-- TASK BRIEF --
Could you reproduce every entry as it stands, leaving the pictures behind?
** Opening DATA SHOWN block **
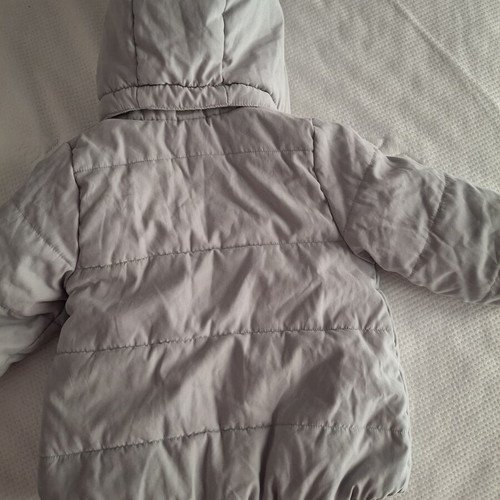 Baby jacket H&M 9-12 months lightly used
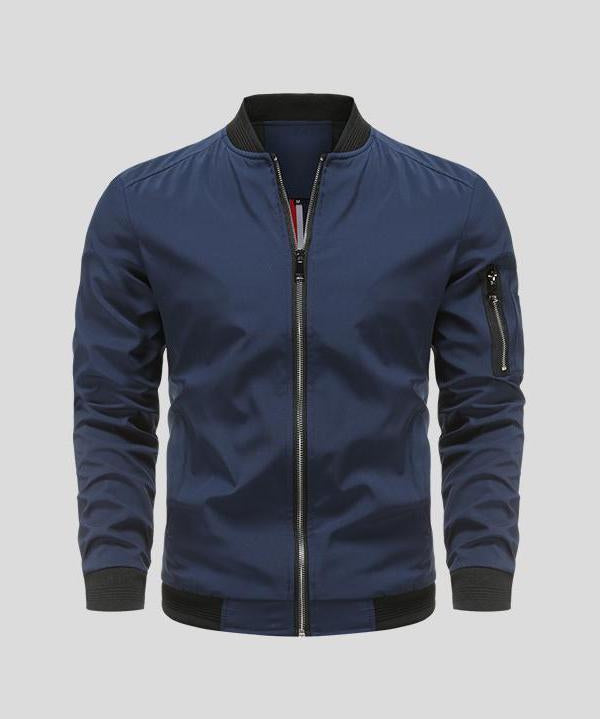 Niels™ | Casaco de aviador estiloso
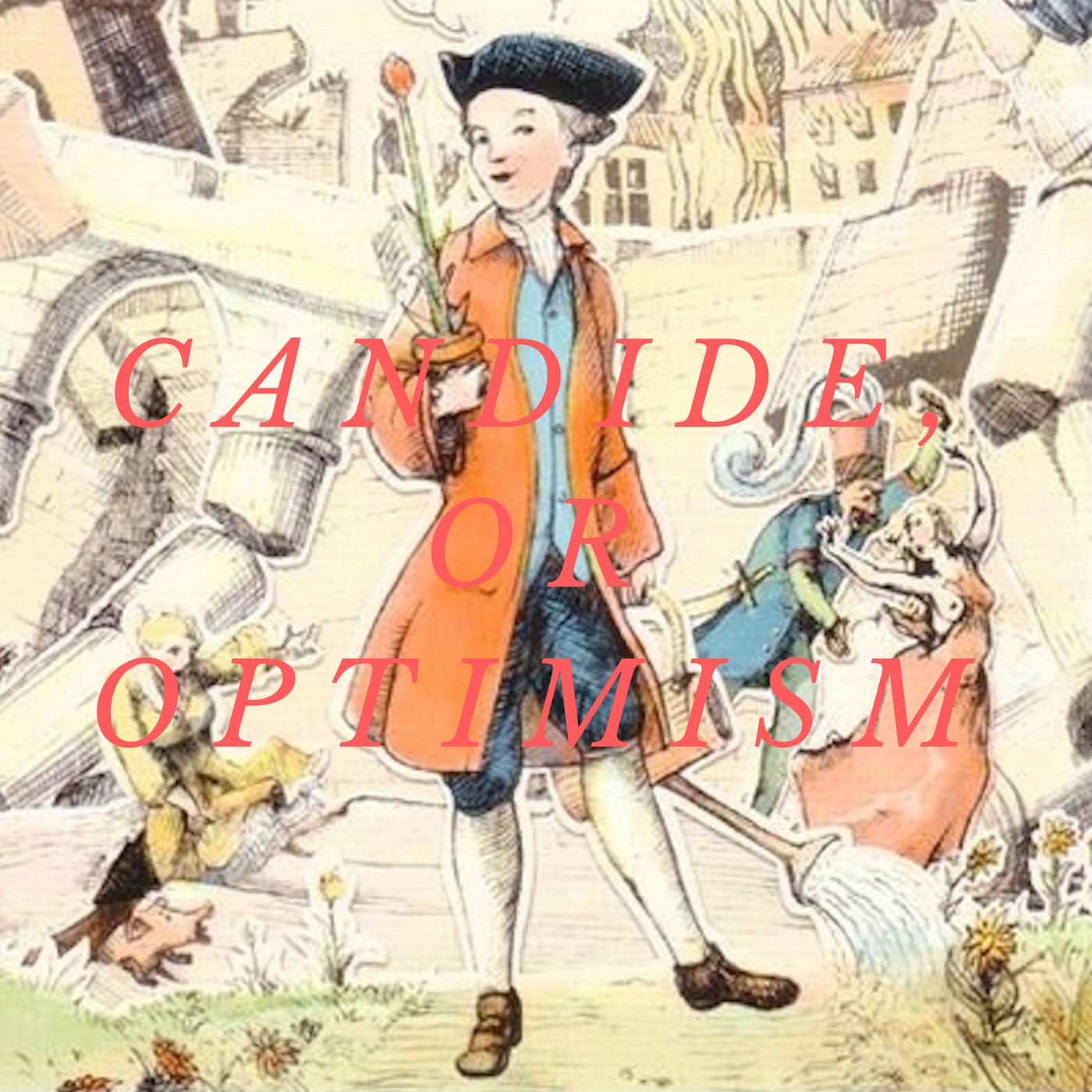 Candide Podcast Ep 1 - Background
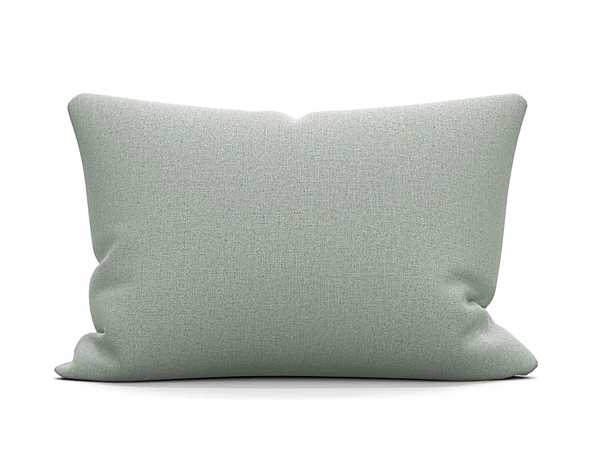 Rectangular Outdoor Acrylic Cushion with Removable Cover Atmosphera Deco factory ATMOSPHERA from Italy. Foto №1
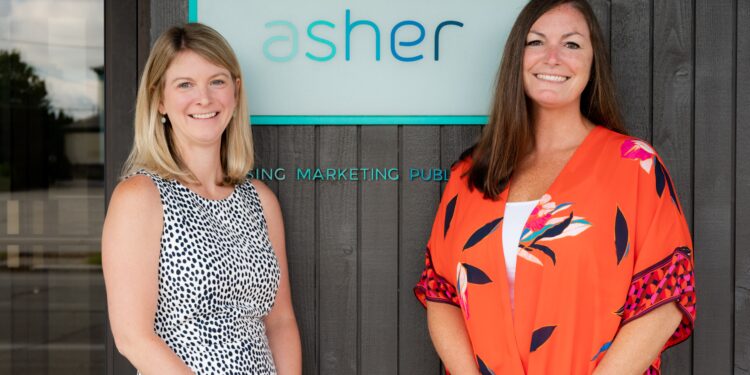 West Virginia’s Asher Agency / KMBlu LLC Secures Federal Woman-Owned Small Business Certification for Set-Aside Contracts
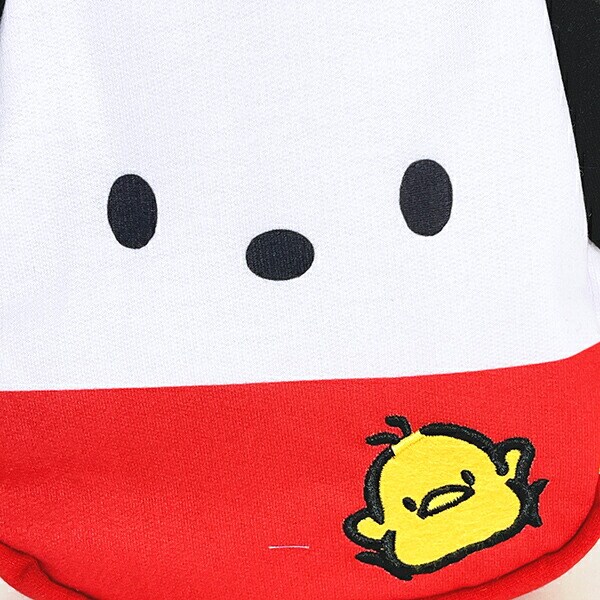 サンリオ ポチャッコ ダイカットバッグ ランチ Sanrio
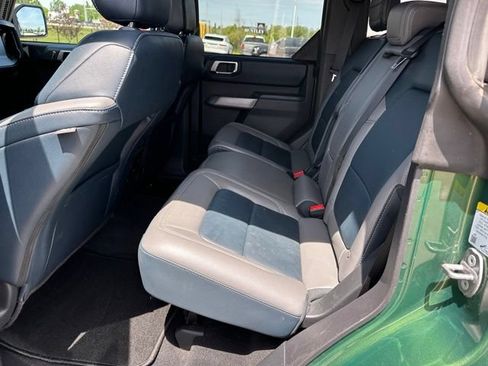 Used 2022 Ford Bronco Outer Banks AWD/4WD image 11
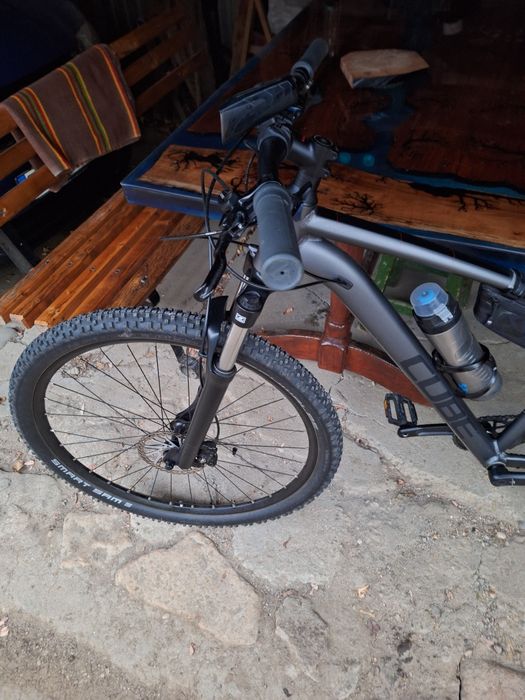 Mtb Cube AIM EX 29"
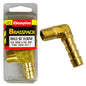Champion Brass 5/8in x 3/8in 90Deg Male Elbow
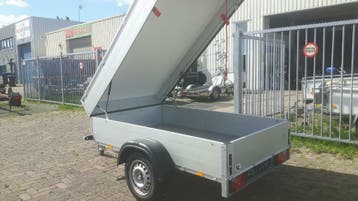 Bagagewagens Rieske te huur en zeker niet duur !!!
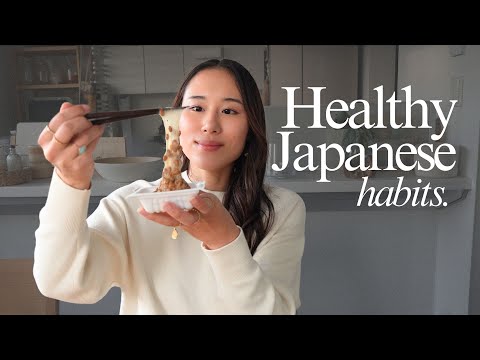 10 Simple Japanese Habits for Healthier & Longer Life????the secrets of longevity.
** Closing DATA SHOWN block **
-- EXPECTED ANSWER --
 Baby jacket H&M 9-12 months lightly used
 Niels™ | Casaco de aviador estiloso
 Candide Podcast Ep 1 - Background
 Rectangular Outdoor Acrylic Cushion with Removable Cover Atmosphera Deco factory ATMOSPHERA from Italy. Foto №1
 West Virginia’s Asher Agency / KMBlu LLC Secures Federal Woman-Owned Small Business Certification for Set-Aside Contracts
 サンリオ ポチャッコ ダイカットバッグ ランチ Sanrio
 Used 2022 Ford Bronco Outer Banks AWD/4WD image 11
 Mtb Cube AIM EX 29"
Champion Brass 5/8in x 3/8in 90Deg Male Elbow
 Bagagewagens Rieske te huur en zeker niet duur !!!
 10 Simple Japanese Habits for Healthier & Longer Life????the secrets of longevity.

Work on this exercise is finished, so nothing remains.